Destinazioni, in bilico tra arrivi e partenze, sono le albe che attraversano l’opera di esordio di Maria Chiara Razzini (Piacenza 1987), Da un treno (L’Erudita Editore 2022). Nella poesia A metà tra due città lo sguardo si dirige “con nostalgia” alle prime ore del giorno, affacciandosi su un contesto urbano dinamico:

“Prendere il treno al volo

dormire fino all’alba e tornare mentre i pendolari

[salgono.

Se prima un biglietto era un eccesso, ora è vietato senza

[un valido motivo.

Autodichiaro con nostalgia:

non era evasione, era un completamento di me

non era esagerazione, era esistere.

Ad ogni passo, leggevi con occhi nuovi settimane,

[mesi.

Quando la persona di cui ti fidi di più è in un’altra

[regione adesso solo il cellulare, come Commissario

[può intervenire per mantenere una forma.

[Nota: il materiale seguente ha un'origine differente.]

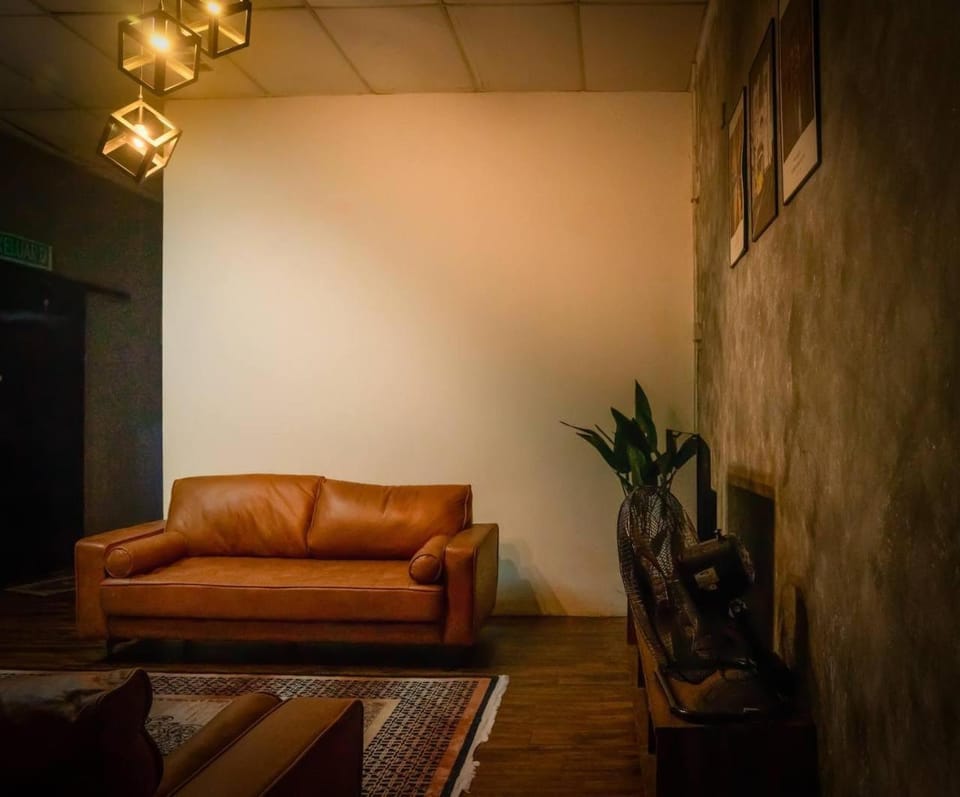 Industrial Brown RetailHouse -Homestay Bukit Beruntung Apartment in Selangor, Malaysia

Fin quando non ritorneranno le serate con la testa e il

[cuore liberi, a metà tra due città.

Sogno il tempo in cui si riavvierà il motore dei miei

[respiri, la vita che distillano quelle albe.”

Con versi lunghi e ritmati, riflessivi e, a tratti, ironici, la meta dei viaggi viene fissata nella metà mancante, in quel “completamento” che non si esaurisce mai ma è esso stesso “motore”. Dentro la dolorosa spaccatura dello spazio e del tempo che intacca gli affetti, una condizione pendolare rimpianta suggerisce una sorta di libertà nella freschezza stimolante di raggi e “respiri” all’unisono col risveglio del cielo.

Infatti l’esperienza può riscattare i suoi limiti solo nella rincorsa, nel coraggio di saper “prendere il treno al volo” quando l’alba diventa il finale migliore da cui la luce ricomincia.